**Records for this task:**

:::

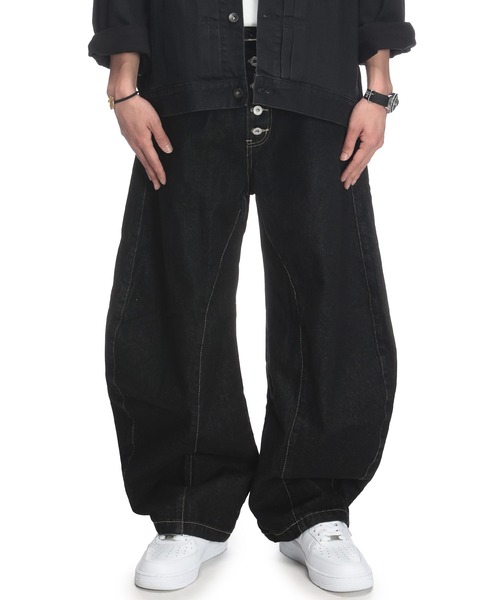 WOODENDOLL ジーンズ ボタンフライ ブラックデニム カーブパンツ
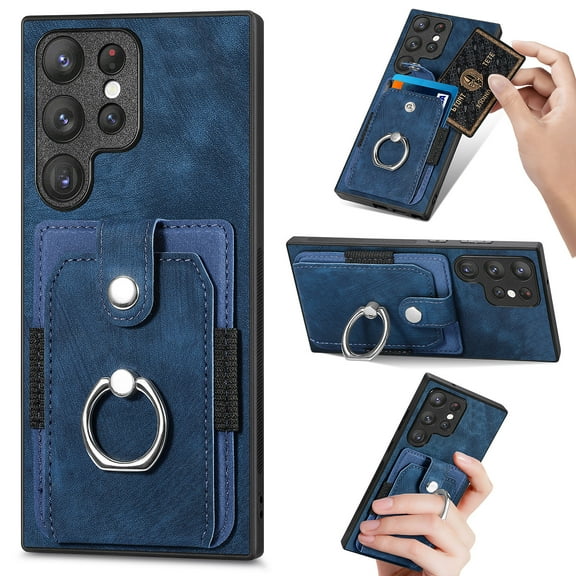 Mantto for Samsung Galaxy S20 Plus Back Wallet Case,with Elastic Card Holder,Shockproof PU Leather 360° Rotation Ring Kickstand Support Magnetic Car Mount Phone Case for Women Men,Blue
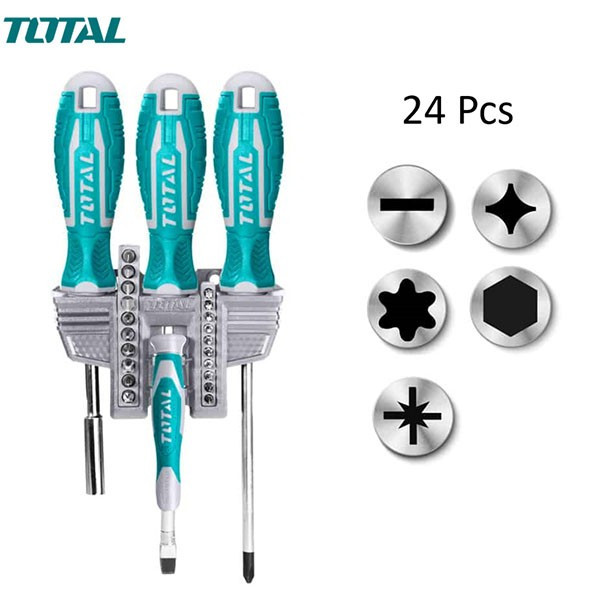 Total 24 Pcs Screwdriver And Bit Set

:::

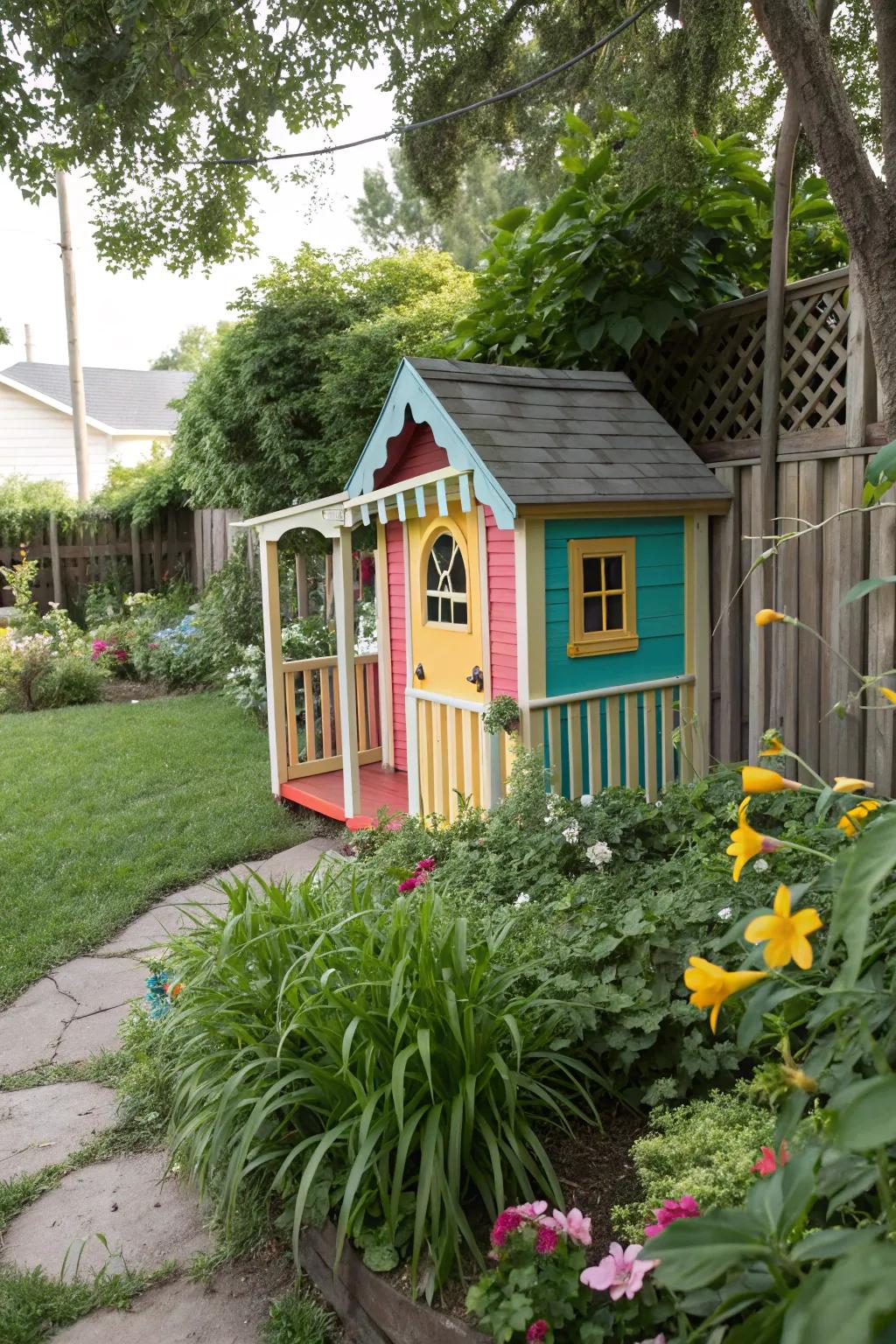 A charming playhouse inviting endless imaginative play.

:::

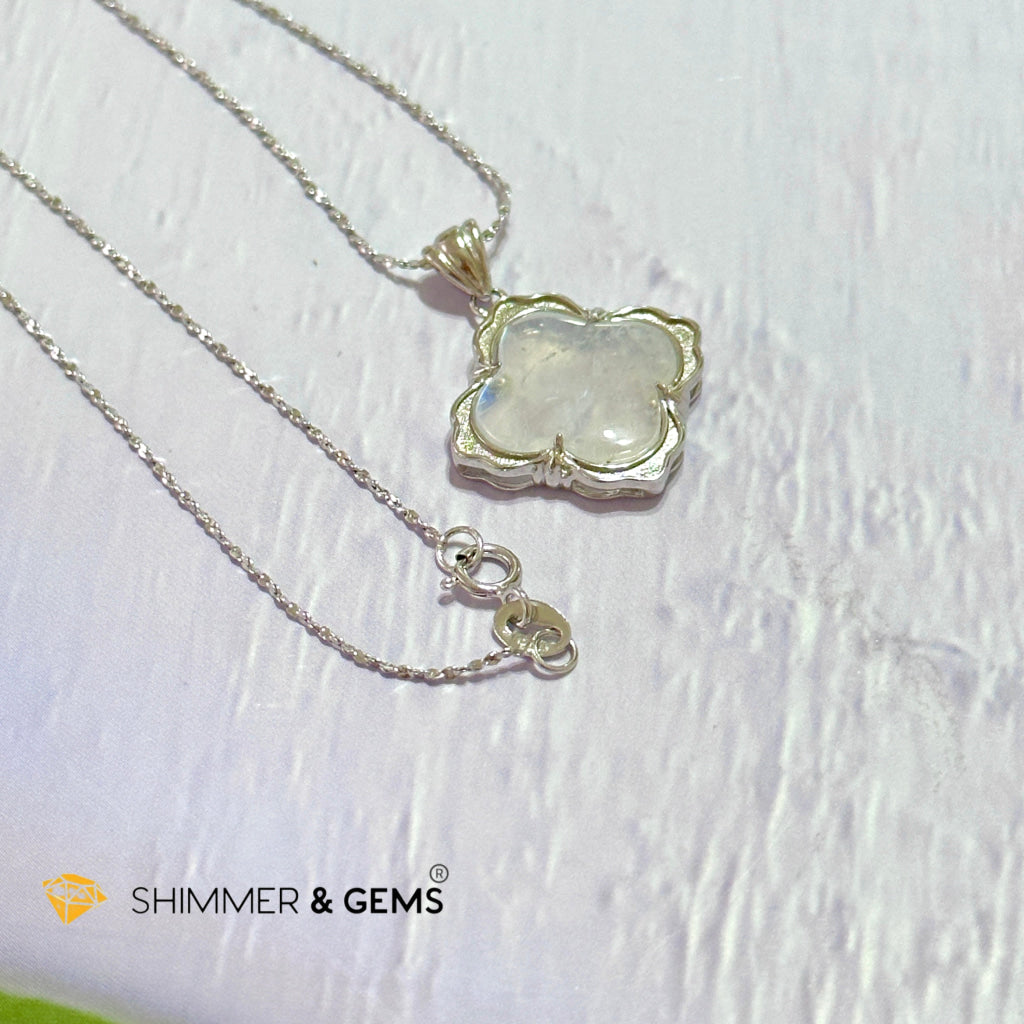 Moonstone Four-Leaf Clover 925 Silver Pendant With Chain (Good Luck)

:::

**Problem to solve:** Look above for the line holding "WOODENDOLL ジーンズ ボタンフライ ブラックデニム カーブパンツ" and output everything from it down to the line holding "Total 24 Pcs Screwdriver And Bit Set", both ends included, exactly and without images.

**Reply to the exercise:**
 WOODENDOLL ジーンズ ボタンフライ ブラックデニム カーブパンツ
 Mantto for Samsung Galaxy S20 Plus Back Wallet Case,with Elastic Card Holder,Shockproof PU Leather 360° Rotation Ring Kickstand Support Magnetic Car Mount Phone Case for Women Men,Blue
 Total 24 Pcs Screwdriver And Bit Set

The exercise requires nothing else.